Whatever Democrats' hopes, Barletta predicted a raucous show of Trump support Thursday.

Trump has also continued to stress the kind of divisive cultural issues that fire up his mostly white base, attacking black NFL players who protest police brutality during the national anthem, strongly opposing illegal immigration, and supporting cutting legal immigration.

These issues offer an emotional connection with Trump, especially in an area with many veterans, said Thomas Baldino, a political science professor at Wilkes University in Wilkes-Barre. They also have an economic component: Complaints about immigration laws resonate with people who fear their livelihoods are being taken away by immigrants, Baldino said.

Sartorio, the barber, "didn't like" the scenes of immigrant children separated from their parents, "but at the same time, my parents came over here legally. That's the way it should be done."

Luzerne, like much of the Rust Belt, was a Democratic bastion that has moved toward Republicans as its economic fortunes dimmed. First the coal mines closed, putting many men out of work. Many of their wives worked at local textile factories, but those moved to Southern states with cheaper labor — and now families had lost both jobs, Kanjorski said.

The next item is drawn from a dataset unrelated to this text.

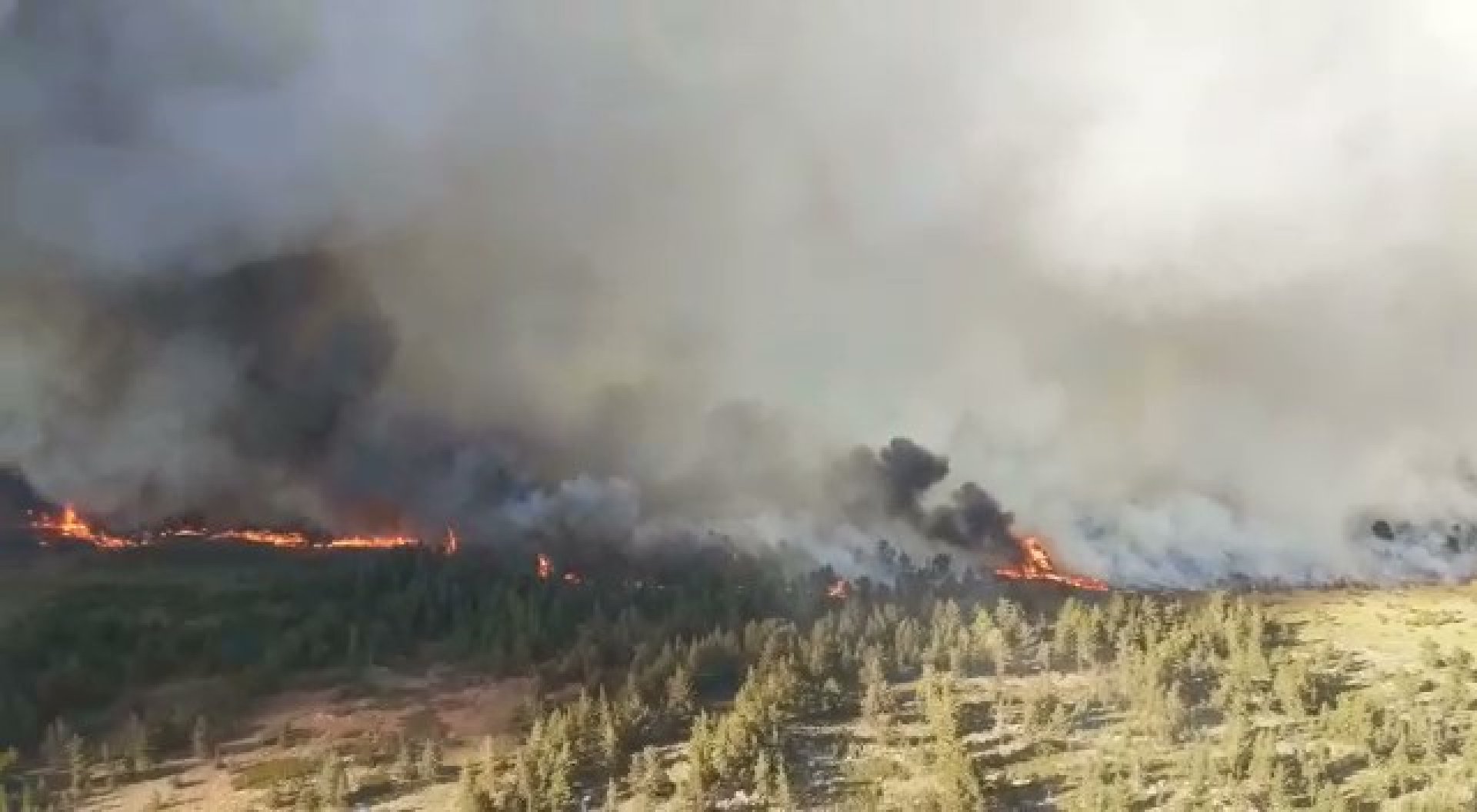 Қарқаралыдағы Ұлттық саябақтың 2,5 мың гектар жері әлі өртеніп жатыр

People lost faith in politicians, their employers, unions, and were looking for a seismic change, he said.

The median household income in the county is $46,580, more than $8,000 below the state average, according to 2016 census figures; 22 percent of residents have a bachelor's degree or higher, compared with 29 percent statewide.

Though the county is still 82 percent white, it has also seen an influx of Hispanic immigrants, which some longtime residents resent.

The search for something outside the old political system wasn't limited to Republicans. Bernie Sanders won nearly 47 percent of the Democratic primary vote in Luzerne. Shafeeq Muhammad, a retired union steamfitter, voted for the Vermont senator and still thinks he represents Democrats' best chance at the presidency.

Sanders was "trying to get fairness in government," said Muhammad, who immigrated to the U.S. decades ago from Trinidad and Tobago. "People at the bottom, we the people, we're not getting represented."

While his neighbors praise the president, Muhammad blamed Trump for a rise in "blatant racism." He recalled walking into Wal-Mart with his wife two weeks ago when a white woman driving by yelled, "Get off the road, n—–!"

Democrats argue that Hillary Clinton, with her expensive private speeches and years in elite circles, was a uniquely flawed candidate for this region, and that Casey will have a far better chance.

While Casey has tried to appeal to a reenergized Democratic base by opposing Trump at nearly every turn, he is also a native of Scranton, in neighboring Lackawanna County, and he and his father, former Gov. Bob Casey, have made the name a  trusted brand in northeast Pennsylvania.

When Trump rallies with Barletta on Thursday, they'll do it at the Mohegan Sun Arena at Casey Plaza — named for the senator's father, who secured funding for the site.

Even if Casey does well here, the overarching question is whether any of the Democrats eyeing a 2020 campaign can do the same.

In interview after interview, area Democrats said that if Joe Biden had been on the ballot in 2016, they would have won the county and the state. Another son of Scranton, Biden could run in 2020.

But many are hoping to see a new generation of leadership, one that reflects the party's ethnic diversity and embraces a more aggressively liberal agenda.

Some party leaders and activists want a stronger emphasis on fighting climate change, and a number of rising voices have called for abolishing Immigration and Customs Enforcement, the kind of issues that enthuse liberal voters but may play to Trump's strengths in Luzerne and elsewhere.

"You know we talk about the environment changing, climate change," said State Rep. Eddie Day Pashinski, a Democrat whose Wilkes-Barre office includes news clippings about the unveiling of a postal stamp of a coal miner. "Well, that's OK, when your job is safe and your retirement is safe and your health care is safe."

Correction: A previous version of this article incorrectly characterized President Barack Obama's margin of victory in Luzerne County in 2012.